If I had the choice you have today........I would almost certainly take the money but invest it very carefully with a high emphasis on preservation of capital.

But my spouse also has a DB pension we would retain to pay the bills and everyone has their own unique financial situation to consider.

Good luck on your choice.......and whichever you decide enjoy your retirement. It has been a long haul and you deserve it.


----------



## ian (Jun 18, 2016)

sags said:


> Just some random thoughts as a retired GM hourly employee.
> 
> When I retired the commuted value choice wasn't available. We would have to quit and break all ties with the company. My commuted value was only $250,000 because they didn't include the 30 and out benefit or the cash value of ancillary benefits........health plan, life insurance etc. which I would have forfeited.
> 
> ...


You invested in your pension. Years of work. 

The value of the DB pension was calculated in your total compensation package...wages, pension, benefits. Your employer and your union negotiators both calculated it down to the penny on an hourly basis. It was not free...you earned it.


----------



## agent99 (Sep 11, 2013)

skyhi said:


> How does one temporarily protect their investments if one thinks a large market correction is imminent?

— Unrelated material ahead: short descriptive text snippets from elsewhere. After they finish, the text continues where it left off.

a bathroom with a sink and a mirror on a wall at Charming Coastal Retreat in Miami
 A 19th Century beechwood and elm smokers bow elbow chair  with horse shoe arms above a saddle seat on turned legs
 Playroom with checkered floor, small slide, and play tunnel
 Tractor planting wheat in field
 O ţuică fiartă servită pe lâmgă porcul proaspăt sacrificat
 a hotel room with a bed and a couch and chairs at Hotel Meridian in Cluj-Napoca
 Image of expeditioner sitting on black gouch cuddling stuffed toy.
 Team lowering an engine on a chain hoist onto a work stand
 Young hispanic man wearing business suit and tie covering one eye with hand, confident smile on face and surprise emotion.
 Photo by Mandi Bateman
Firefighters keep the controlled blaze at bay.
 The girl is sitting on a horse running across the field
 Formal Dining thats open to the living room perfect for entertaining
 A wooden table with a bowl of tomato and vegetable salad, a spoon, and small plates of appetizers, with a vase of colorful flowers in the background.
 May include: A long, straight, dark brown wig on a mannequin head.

One option, is to invest in a select group of solid blue chip Canadian stocks that pay dividends. Banks, utilities, telecoms and the like. 
They too will go down in market value in a correction, but they very seldom reduce their dividends. No worries when the divvies keep flowing in. The stock prices will recover along with the economy. 
Dividend etfs are an option, but with those you get the good with the bad. Better to have about 10 good stocks. 
Adding some fixed income may be prudent. Not many choices though.ñ


----------



## londoncalling (Sep 17, 2011)

I act as a trustee on a pension fund. The feds recently changed the calculation formula for commuted values. In effect, it has allowed pension funds to pay a lower commuted value then a few years ago. This was to encourage plan members to leave their money in the fund. I took a LIRA from a small pension about a decade ago. The amount was very small as I was only an employee for about 5 years. If you have zero interest in investing it is best to leave it as a pension. You can also invest the proceeds of your home when you sell it. If you are concerned about the funds solvency you can usually get that information from the funds annual reports.


----------